23-extended-modelcomp.Rmd

# Model comparison - Extended


## Credible intervals should not be used to reject a null hypothesis {#app-null}

Researchers often incorrectly use \index{Credible intervals for null hypothesis testing} credible intervals for null hypothesis testing, that is, to test whether a parameter $\beta$ is zero or not. A common approach is to check whether zero is included in the 95\% credible interval for the parameter $\beta$; if it is, then the null hypothesis that the effect is zero is accepted; and if zero is outside the interval, then the null is rejected. For example, in a  tutorial paper that two of the authors of this book wrote [@NicenboimVasishth2016], we incorrectly suggest that the credible interval can be used to reject the hypothesis that the $\beta$ is zero. This is generally not the correct approach. 
The problem with this approach is that it is a  heuristic that will work in some cases and might be misleading in others [for an example, see @SampleSizeCBB2021]. Unfortunately, when they will work or not is in fact not well-defined.

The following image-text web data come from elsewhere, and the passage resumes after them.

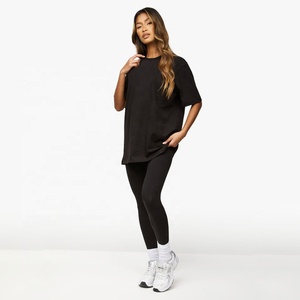 Camiseta unisex de nuevo estilo, 100% algodón peinado, 180-200 g/m², oversize, estilo streetwear, hombros caídos, lisa, para mujer. - Product Image 5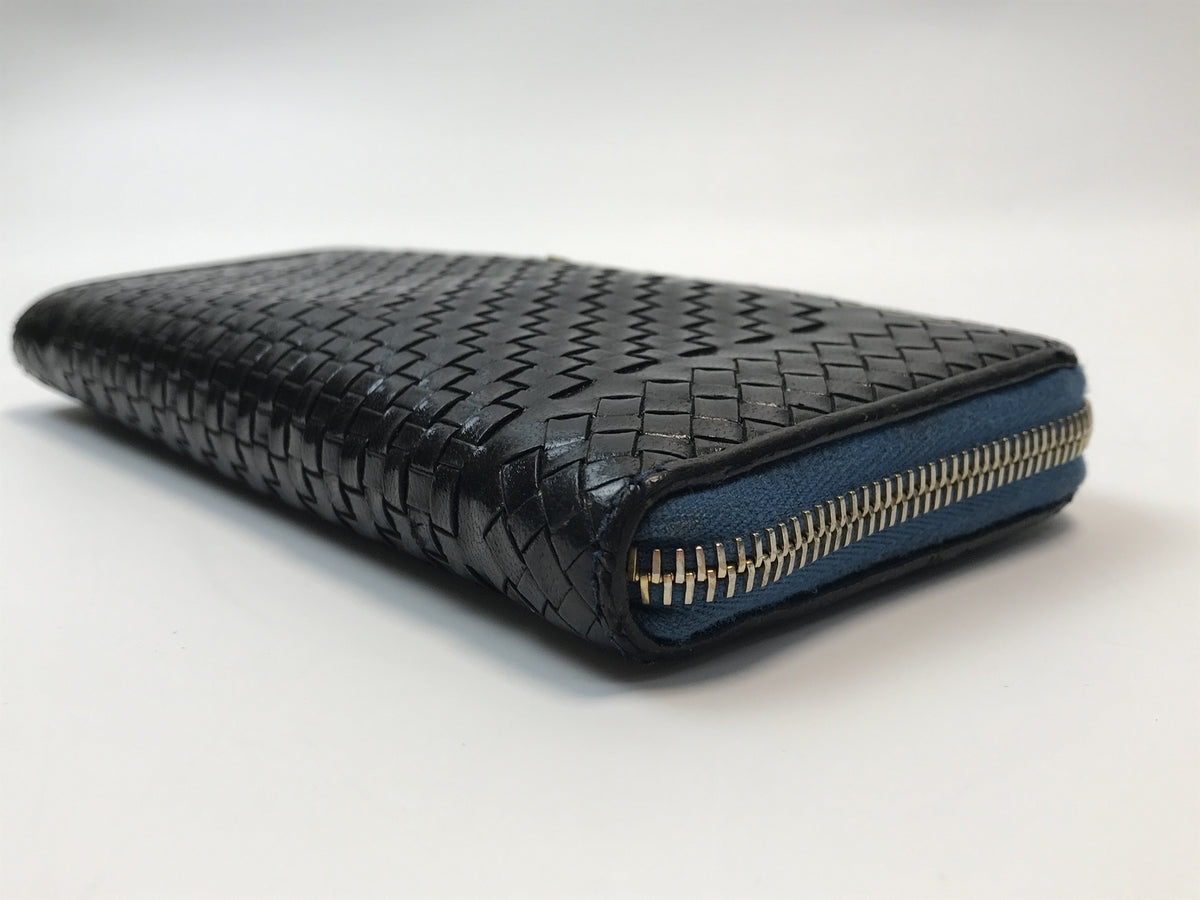 PRADA 編み込みレザー L字ファスナー 長財布 1M1183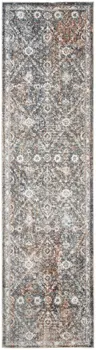 4' X 6' Silver Oriental Power Loom Washable Area Rug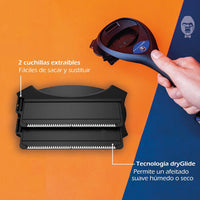 BAKblade 2.0 Plus – Depilador de espalda para Hombres – 2 cuchillas adicionales incluidas – fácil de usar, mango curvo para un afeitado sin dolor, afeitado mojado o seco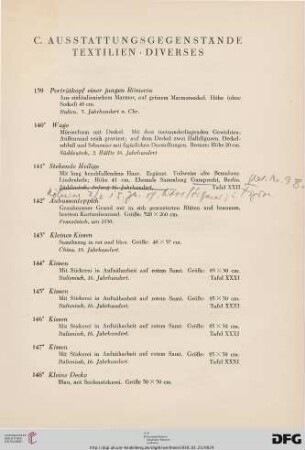 Ausstattungsgegenstände, Textilien, Diverses (Nr. 139-163)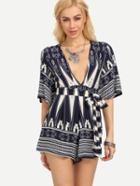 Shein Navy Belted Plunge Neck Cutout Tribal Print Romper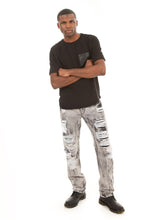 Load image into Gallery viewer, D7PT1078 Dirty Raw Wash, Men&#39;s Patched Ripped Jeans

Why is the credible-interval approach only a \index{Heuristic} heuristic?
One line of (generally incorrect) reasoning that justifies looking at the overlap between credible intervals and zero is based on the fact that the most likely values of $\beta$ lie within 95% credible interval.^[This is also strictly true only in a highest density interval (HDI), this is a credible interval where all the points within the interval have a higher probability density than points outside the interval. However,  when posterior distributions are symmetrical, these intervals are virtually identical to the equal-tail intervals we use in this book.] This entails that if zero is outside the interval, it must have a low probability density. This is true, but it's meaningless: Regardless of where zero lies (or any point value), zero will have a probability mass of exactly zero since we are dealing with a continuous distribution.
The lack of overlap doesn't tell us how much posterior probability the null model has. 

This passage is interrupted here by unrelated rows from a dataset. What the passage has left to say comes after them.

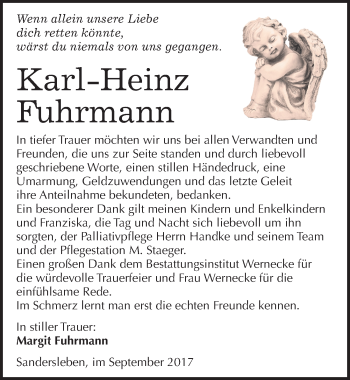 Traueranzeige von Karl-Heinz Fuhrmann von Mitteldeutsche Zeitung Mansfelder Land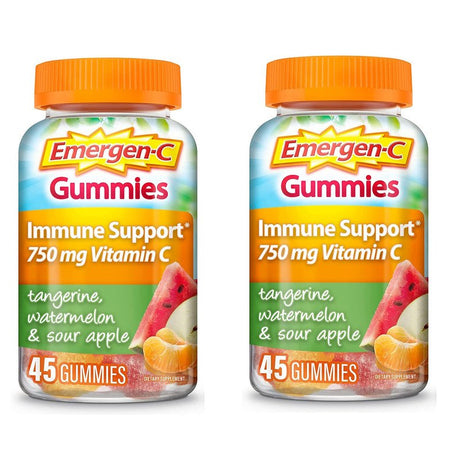 Emergenc Gummies Tangerine, Watermelon and Sour Apple Flavor 45 Gummies - 2 Pack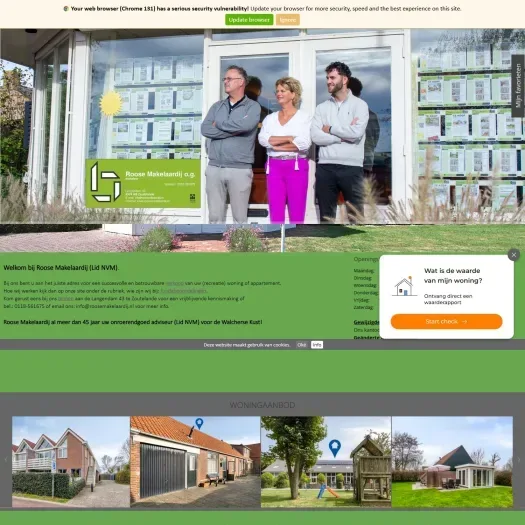 Screenshot van de website van www.roosemakelaardij.nl
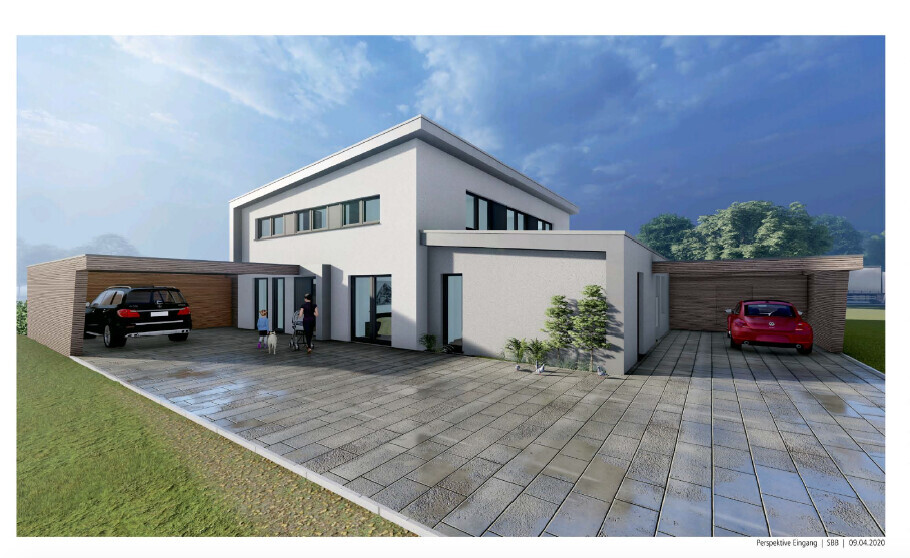 Moderne weiße Villa mit zwei Garagen, Autos und gepflasterte Einfahrt. Menschen am Eingang.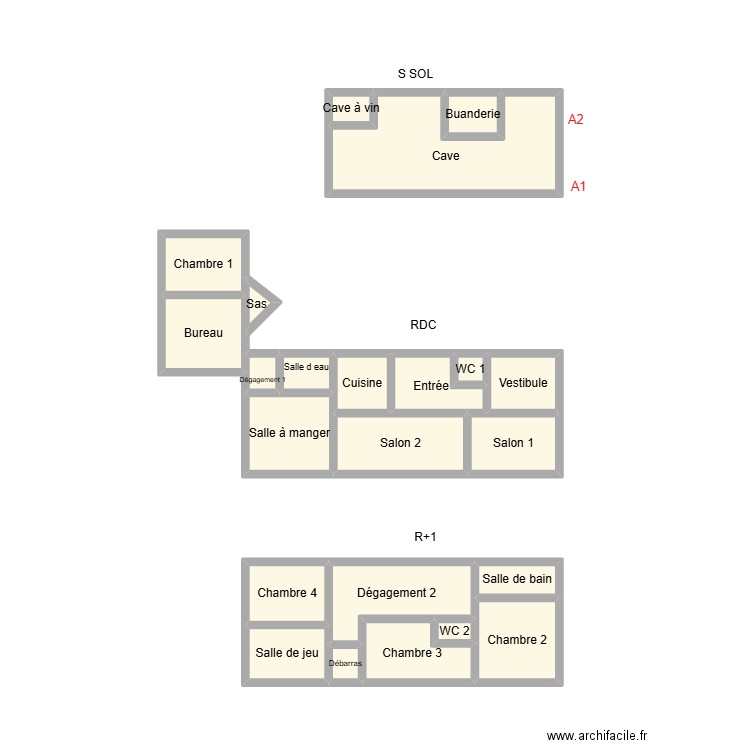 2502 SANQUER. Plan de 23 pièces et 20 m2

A partial solution could be to look at a probability interval close to zero rather than zero (e.g., an interval of, say, $-2$ to $2$ ms in a response time experiment), so that we obtain a non-zero probability mass. While the lack of overlap would be slightly more informative, excluding a small interval can be problematic when the prior probability mass of that interval is very small to begin with (as was the case with the regularizing priors we assigned to our parameters). @rouder2018bayesian show that if prior probability mass is added to the point value zero using a \index{Spike-and-slab prior} *spike-and-slab* prior (or if probability mass is  added to the small interval close to zero if one considers that equivalent to the null model), looking at whether zero is in the 95% credible interval is analogous to the Bayes factor. Unfortunately, the *spike-and-slab* prior cannot be incorporated in Stan, because it relies on a discrete parameter. However, other programming tools (like PyMC3, JAGS, or Turing) can be used if such a prior needs to be fit; see the further readings at the end of the chapter.

Rather than looking at the overlap of the 95% credible interval, we might be tempted to conclude that there is evidence for an effect because the probability that a parameter is positive is high, that is $P(\beta > 0) >> 0.5$. However, the same logic from the previous paragraph renders this meaningless. Given that the probability mass of a point value, $P(\beta = 0)$, is zero, what we can conclude from $P(\beta > 0) >> 0.5$ is that $\beta$ is very likely to be positive rather than negative, but we can't make any assertions about whether $\beta$ is exactly zero. 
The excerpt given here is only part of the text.